Jul 5 18:53:39 suricata: [100102] <Notice> -- This is Suricata version 4.1.4 RELEASE
Suricata log with kernel FreeBSD 11.2-RELEASE-p9-HBSD 4ea457eb7b8(master) amd64
Jul 5 19:03:11 suricata: [100103] <Error> -- [ERRCODE: SC_ERR_INITIALIZATION(45)] - Engine initialization failed, aborting...
Jul 5 19:03:11 suricata: [100103] <Error> -- [ERRCODE: SC_ERR_THREAD_INIT(49)] - thread "W#01-re0" failed to initialize: flags 0145
Jul 5 19:03:11 suricata: [100215] <Error> -- [ERRCODE: SC_ERR_NETMAP_CREATE(263)] - Couldn't query netmap for re0, error Operation not supported
Jul 5 19:03:11 suricata: [100103] <Error> -- [ERRCODE: SC_ERR_NETMAP_CREATE(263)] - Couldn't query netmap for re0, error Operation not supported
Jul 5 19:03:11 suricata: [100214] <Error> -- [ERRCODE: SC_ERR_NETMAP_CREATE(263)] - Couldn't query netmap for re0, error Operation not supported
Jul 5 19:03:11 suricata: [100103] <Error> -- [ERRCODE: SC_ERR_NETMAP_CREATE(263)] - Couldn't query netmap for re0, error Operation not supported
Jul 5 19:01:32 suricata: [100103] <Warning> -- [ERRCODE: SC_WARN_DEFAULT_WILL_CHANGE(317)] - in 5.0 the default for decoder event stats will go from 'decoder.<proto>.<event>' to 'decoder.event.<proto>.<event>'. See ticket #2225. To suppress this message, set stats.decoder-events-prefix in the yaml.

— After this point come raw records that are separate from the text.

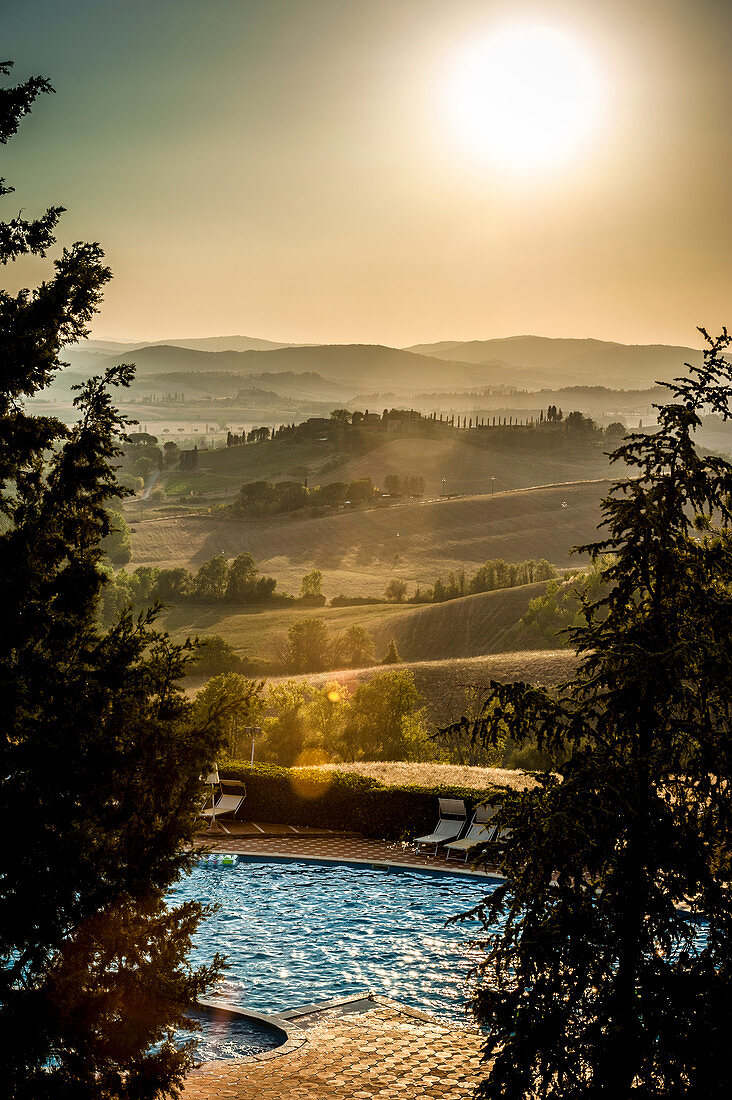 Pool in the evening light, Buonconvento, Tuscany, Italy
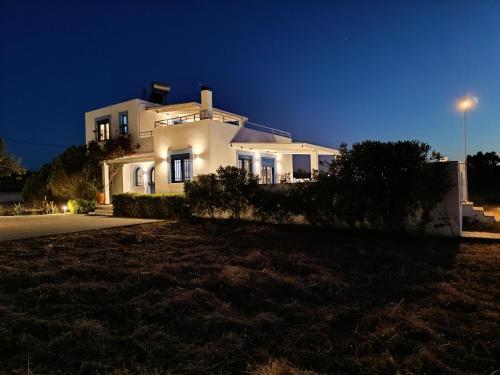 una casa bianca seduta in cima a una collina di notte di Nautilus Beach House a Paradisi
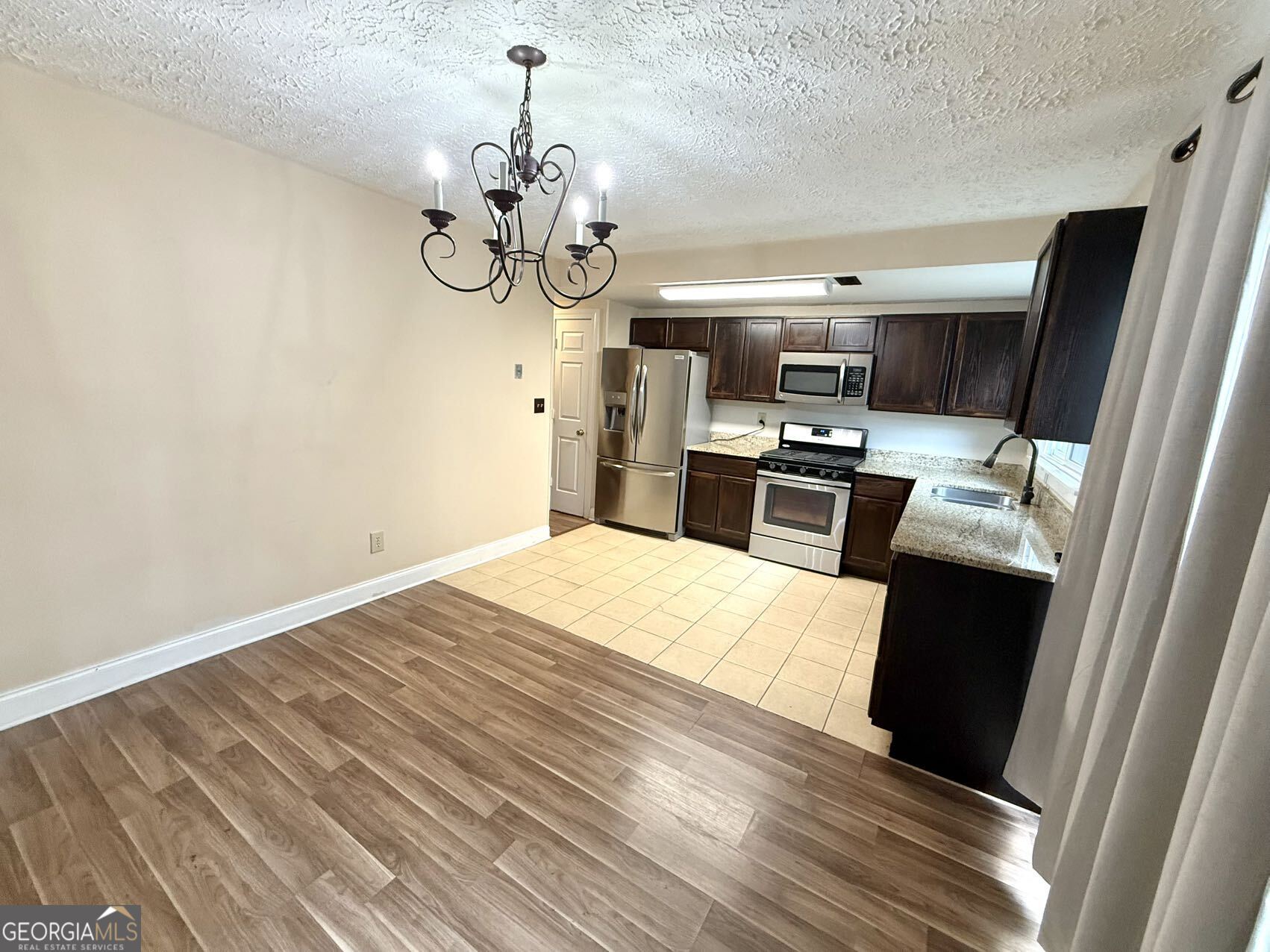 1220 Kennesaw Trace Court Kennesaw, GA 30144 - Photo 9 of 21 a kitchen with a stove and wooden floor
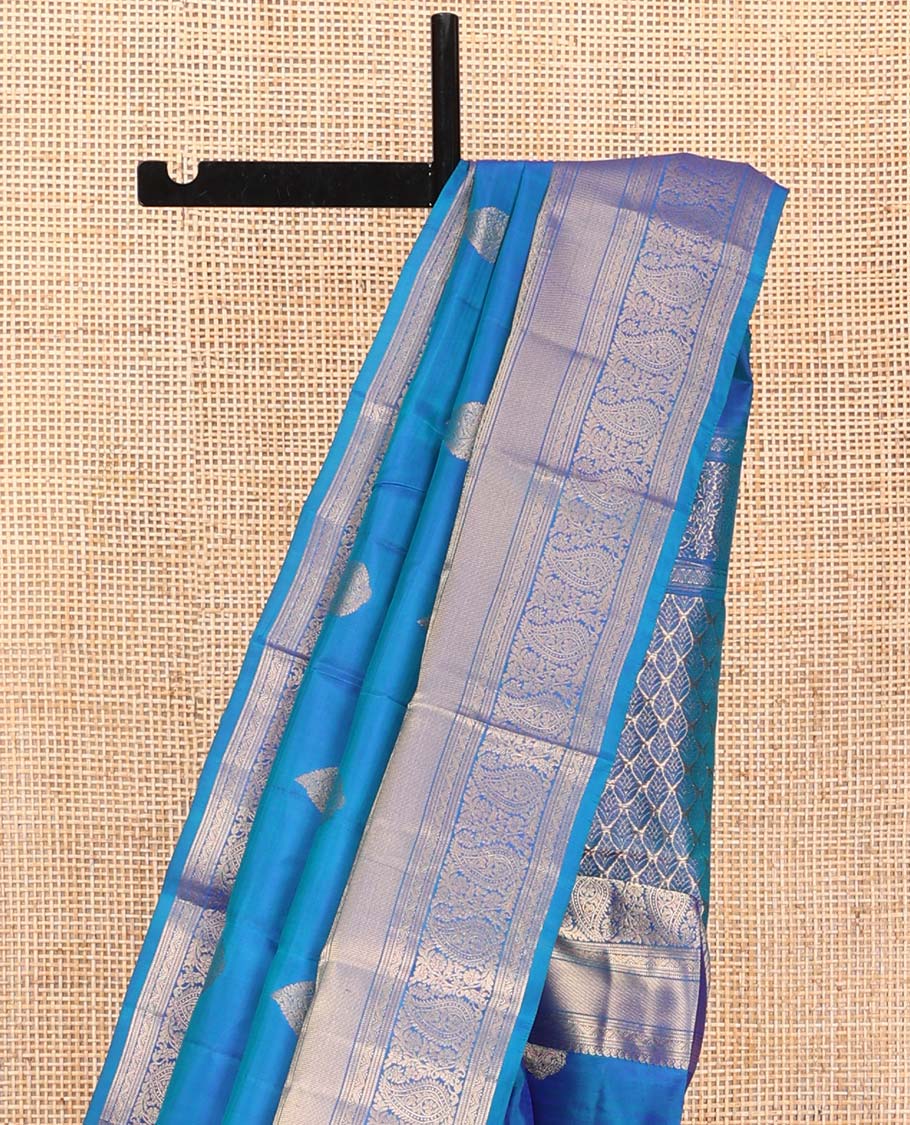Blue Vasundhara Silk Saree, Mesmerized with Zari Buttas on Its Body, Highlighted by a Zari Border of Manga Mokku, Muthu, and Arumbu Manga Designs, Pallu Steeped with Leaf Designs, and Paired with a Matching Blouse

Jul 5 19:01:31 suricata: [100168] <Notice> -- This is Suricata version 4.1.4 RELEASE
So Suricata did not start up in either configuration.
Is Suricata expected to work in IPS mode in any of these configurations with the new kernel? Anything else I could try to improve the situation?
Diving a bit deeper, this is what is seems like:
- Current OPNsense kernels use drivers from the Realtek website. These are based on an old implementation of the FreeBSD re driver, which does not support netmap.
- When Suricata starts up in IPS mode and tries to use netmap, it fails with the Realtek drivers (while the standard FreeBSD re driver would provide the necessary netmap support).
- Even in non-IPS mode, Suricata would sometimes stop working until restarted. On some occasions, log messages "<Error> -- [ERRCODE: SC_ERR_PCAP_DISPATCH(20)] - error code -2" appeared in the log at very high frequency. In these cases, stopping Suricata took quite a while.
- My personal impression from observed stability problems and looking at the code is that the Realtek drivers have serious quality issues and should probably not be used in routers.
I thought I'd put this here for reference.